Also I've only had them since April and they're already coming apart. The soles are breaking away from the boot and I can't figure out why. I don't abuse my boots and if it's muddy or I'm doing stalls I where my rubber muck boots. The leather is not so nice quality and its very brittle/thin in areas. 

My first ever set of riding boots were these.
Men's Dingo Amsterdam Boots #DI15240 
They're men's boots I know but man are they HARDY. I had those things for 5yrs and wore them in rain, mud, while doing stalls, while riding, thru puddles, and they were even my snow boots one year(not a good idea as they have no traction hehe) they survived it all. I ended up buying another pair of them but then got the Gypsys trying a new style(bad idea)I still have the second pair of Dingos they're my back up boots but they might become my main one's with the way my gypsys are fallin apart. 

Here are pics of what's happening to my Gypsys. And as I said before I've only had them since April and I don't abuse my boots they started coming apart on their own.

Edit-Oops sorry I didn't realize this thread was over a week old.


----------



## COWCHICK77

If you are strictly using the boots for riding, I prefer a single welt leather soled boot. As mentioned before, a big, wide rubber sole will increase your chance of getting hung up if you fall.

I generally keep my ridding boots in the tack room of my trailer or he mud room of my house. I f I am not riding, I am not wearing them. I have muck boots for the mud, or Roper slipons for feeding/chores.

I never had much luck with Ariats, but I bought a pair for my husband years ago on Ebay for $75 and he is still wearing them even though we have had them re-soled three times!
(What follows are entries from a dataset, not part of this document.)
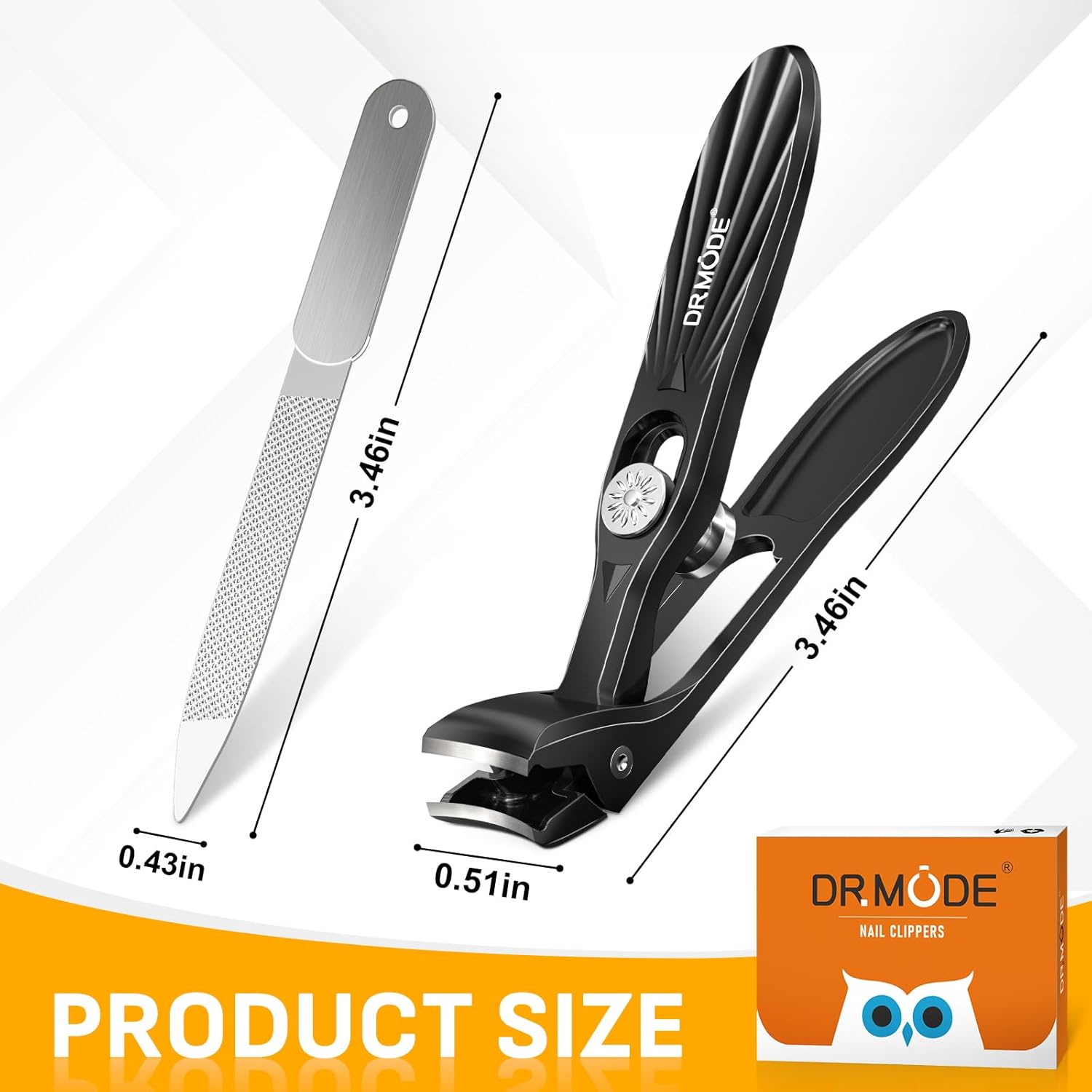DRMODE Nail Clippers for Men Thick Nails, Angled Head Toe Nail Clippers for Thick Nails for Seniors, Wide Jaw Opening Toenail Clippers Heavy Duty Fingernail Clipper with Catcher Long Handle - Black - Image 8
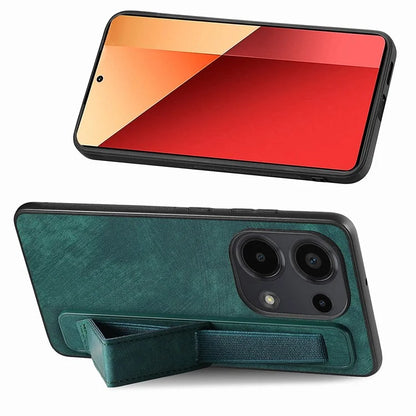 D11 For Xiaomi Poco M6 Pro 4G / Redmi Note 13 Pro 4G Case Wristband Leather + TPU Phone Cover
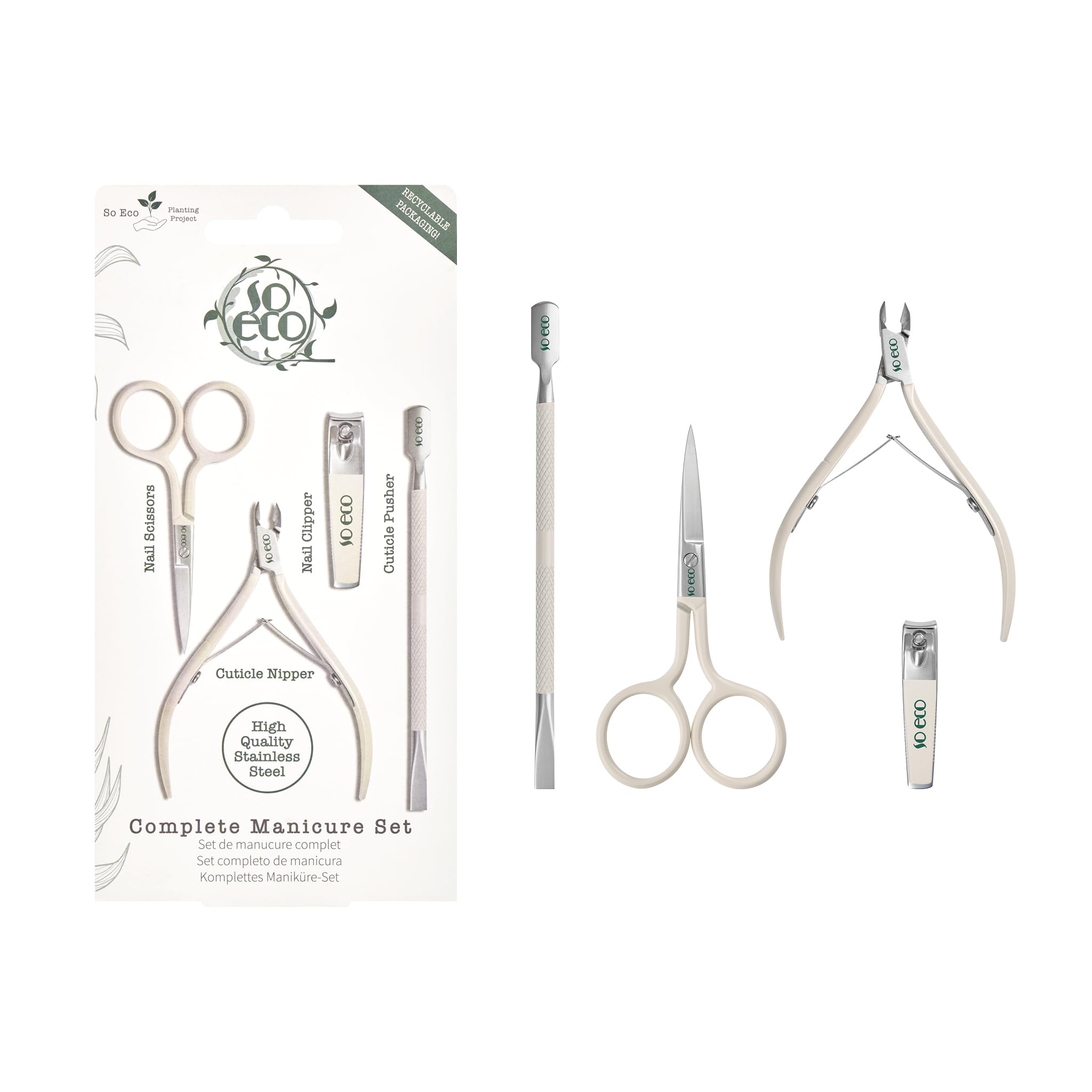So Eco Nail Grooming Set - 4 Essential Tools for Manicures & Cuticle Care, Stainless & Carbon Steel, Eco-Friendly, Plastic-Free Packaging, Vegan & Cruelty-Free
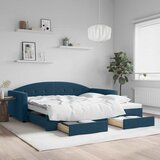  Dnevni krevet na razvlačenje s ladicama plavi 100x200 cm baršun | shoptok.hr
I'm impressed.

I used to love Boulets but the quality has gone down. Last winter I bought some Anderson Beans and I was thrilled with them, but the leather is cracking already 
I have an old pair of Paul Bonds but I hate wearing them because I don't want to ruin them....they are over 20 years old ...lol.

It just depends on the amount of money you want to spend. And I suggest if you find a good pair that you love, use them strictly for riding and find some cheap ones to do chores in.


----------



## boots

Paul Bond for customs. Olathe for factory made.

Either will last most people decades, if cared for.


----------



## thenrie

If you are looking for a boot strictly for riding, I like a "riding heel" on my boots. Ropers are more comfortable for walking, but not necessarily better for riding. Ropers were developed for "ropers", who have to get off a horse fast and run to a steer before he gets up off the ground. Tall riding heels are not very good for running in the dirt. You will find "outfitter boots" that lace up with tall uppers, that also have tall riding heels, because they're safer for riding.

I'm not sure why, but it seems most women's boots with riding heels also have a very thin sole. I think it's just for looks. If you're buying for shows, that's the way I'd go. If you're buying for the trail, I might even suggest looking at men's boots if you can find your size. They generally have thick soles and good heels, and you can have them resoled many times over the years. Good riding boots with riding heels will also have a "spur shelf" on the back of the heel. It is very nice for keeping spurs in place, which is a must for me.

Go with leather foot and uppers. Stay away from vinyl. They don't breathe and your foot will always be sweaty and wet. Rubber soles are nice for rainy weather, but you may not be able to have them resoled when they wear out. I prefer leather soles. My dad likes rubber soles with a little tread on them. Stay away from steel-toe workboots for riding. They are uncomfortable. 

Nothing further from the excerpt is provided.